Start of Block
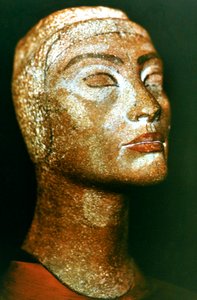 Buste af Nefertiti, dronning og hustru til den gamle egyptiske farao Akhenaten Amenhotep IV af Unbekannt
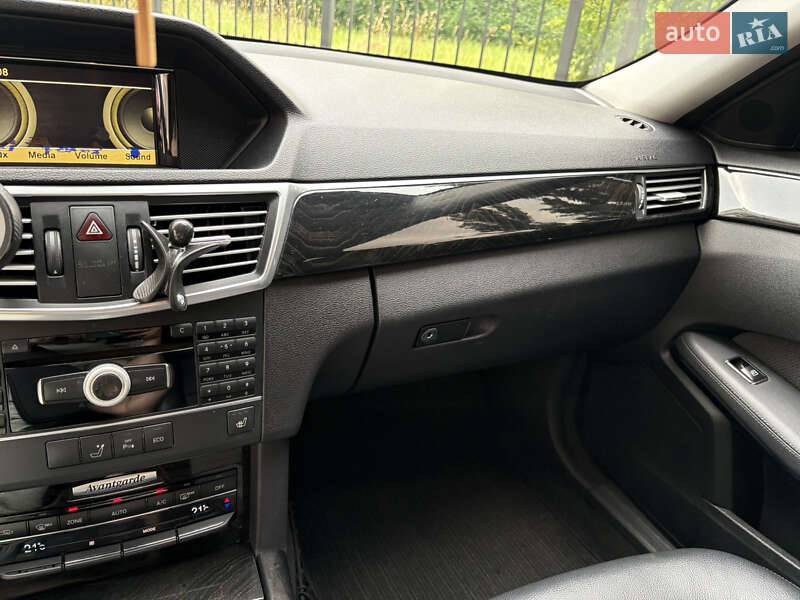 Седан Mercedes-Benz E-Class 2012 в Киеве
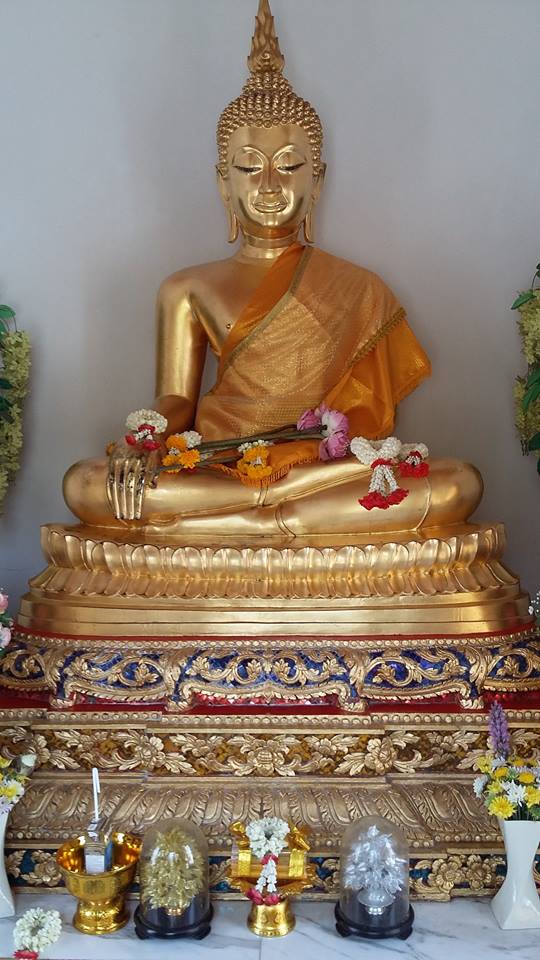 พระพุทธปฏิมาทีฆายุมหมงคล นี้ประชาชนส่วนใหญ่เรียกว่า “หลวงพ่อดำ”ขอได้ทุกอย่าง ยกเว้นความรัก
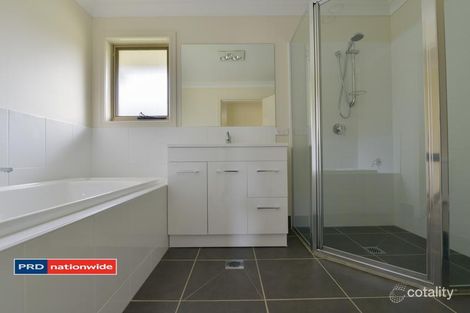 Property photo of 4 Regal Park Drive Oxley Vale NSW 2340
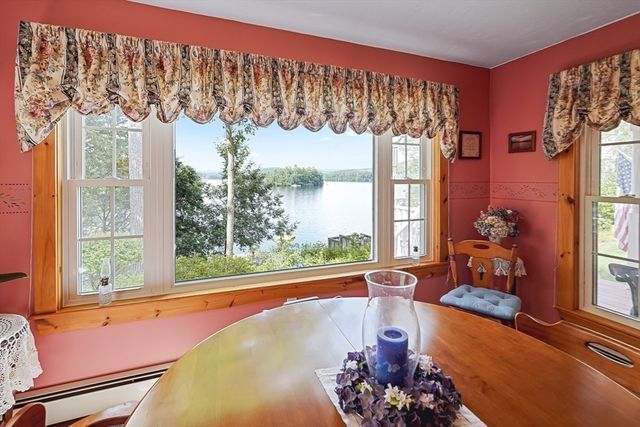 31 Bay View Rd, Webster, MA 01570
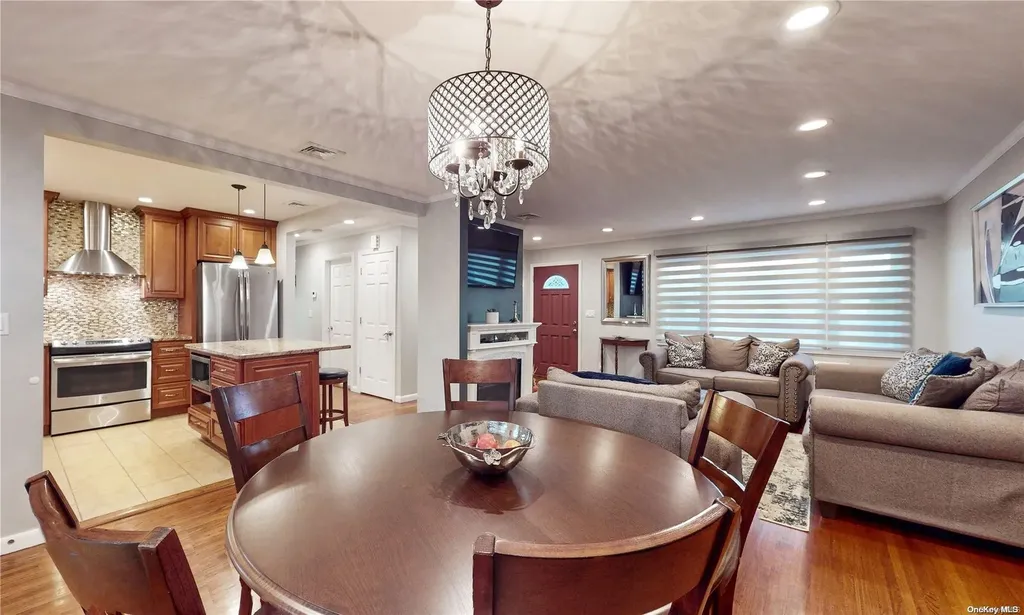 38 Coronet Crescent Bethpage NY 11714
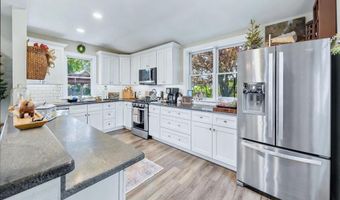 504 HARVEY Rd, Claymont, DE 19703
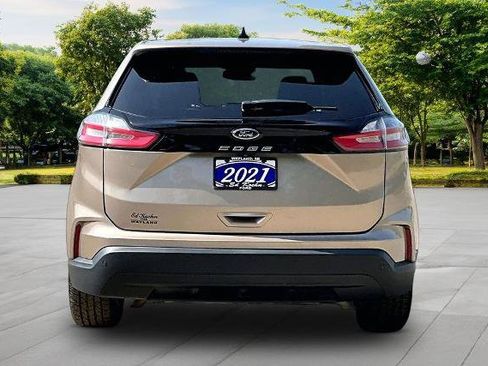 Certified 2021 Ford Edge SE FWD image 4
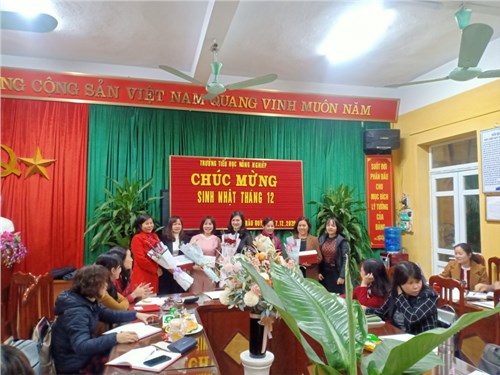 Tổ chức sinh nhật tháng 12/ 2020 cho đoàn viên Công đoàn 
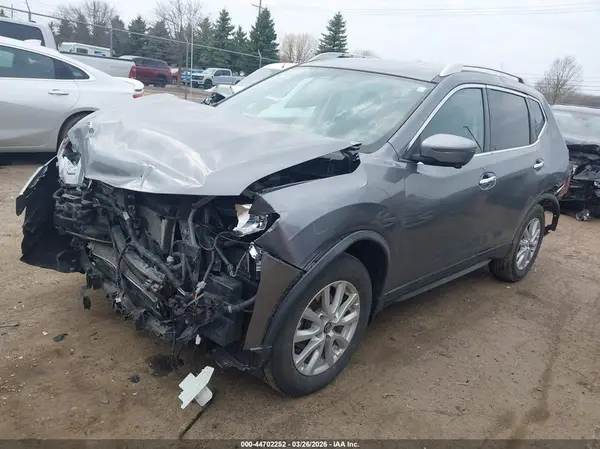 KNMAT2MV0JP561644 2018 NISSAN ROGUE - Image 2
End of Block
• **Description of the task**: Starting from the line that has "31 Bay View Rd, Webster, MA 01570" and ending at the last line of the material above, every line should be output exactly; pictures are dropped and nothing else appears.

• **Result of the task**:
 31 Bay View Rd, Webster, MA 01570
 38 Coronet Crescent Bethpage NY 11714
 504 HARVEY Rd, Claymont, DE 19703
 Certified 2021 Ford Edge SE FWD image 4
 Tổ chức sinh nhật tháng 12/ 2020 cho đoàn viên Công đoàn 
 KNMAT2MV0JP561644 2018 NISSAN ROGUE - Image 2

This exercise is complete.